Church incomes could plummet within a matter of months, says Paul Houghton
With the cost of living increasing steeply, churches are beginning to consider the potential impact on congregational giving. And with good reason. If a church member’s giving is dependent on what they have left at the end of the month, the biggest inflationary hike in four decades could cause church incomes to plummet within a matter of months.

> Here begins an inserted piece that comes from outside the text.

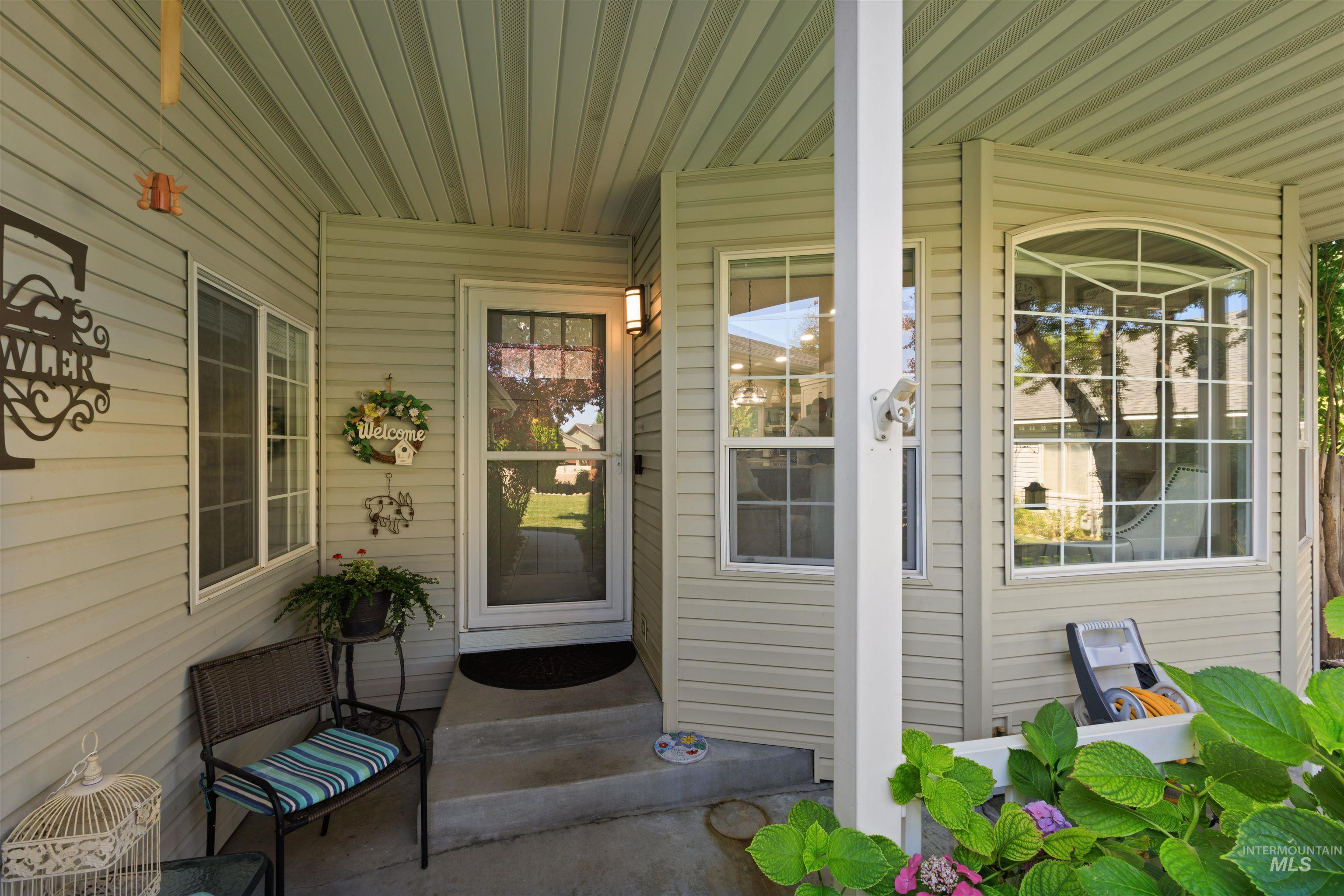 1827 W Lonesome Dove Property Photo 3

As Christians, we are aware of the Lord’s call to generosity, including in the area of financial giving. 2 Corinthians 9 teaches, “Remember this: Whoever sows sparingly will also reap sparingly, and whoever sows generously will also reap generously. Each of you should give what you have decided in your heart to give, not reluctantly or under compulsion, for God loves a cheerful giver.” This conscious attitude of sacrificial generosity is spoken of throughout the Bible and is a foundation that many life decisions are made upon.
Because of this, we will rightly have been taught to give financially and regularly to our local church. For most active and vibrant churches, this regular giving from members of the congregation makes up the vast majority of their income, and is essential for the overhead running costs of church life, including building costs, staff salaries and events.
A typical church will have been paying around £2,500 in gas and electricity per year, but with increased prices that utility bill is almost certainly going to increase to £3,500 or more. But what is much harder to estimate is the bigger challenge of reduced gift income, when the congregation themselves feel the pinch of financial stress.
Kingdom Bank, whose core activity is to provide mortgages for churches, is interested in monitoring whether churches are entering financially challenging times. We have calculated that, if a household were to cut its giving by a quarter of the forecast squeeze in household disposable income, the typical UK church would face a loss of almost one third (£22,000) of its annual income. Coupled with the church’s own increasing overhead costs, churches may be about to bear the brunt of a double whammy of financial strain. The grim reality is that current rapidly increasing living costs may be a greater financial challenge for UK churches than the Covid pandemic.
Forecasts from the Centre for Economics and Business Research predict a fall in annual disposable income of just over £2,500 per household – the biggest fall since records began. That translates into households being roughly £200 worse off per month. So the big question is how will we, church members, respond.
Giving to the work of the church should be a joyful act of worship, not another cost that sends Christians into debt
Putting it bluntly, in the pecking order of monthly spending, what priority will we place on giving versus holidays, new clothes, meals out and the entertainment subscription?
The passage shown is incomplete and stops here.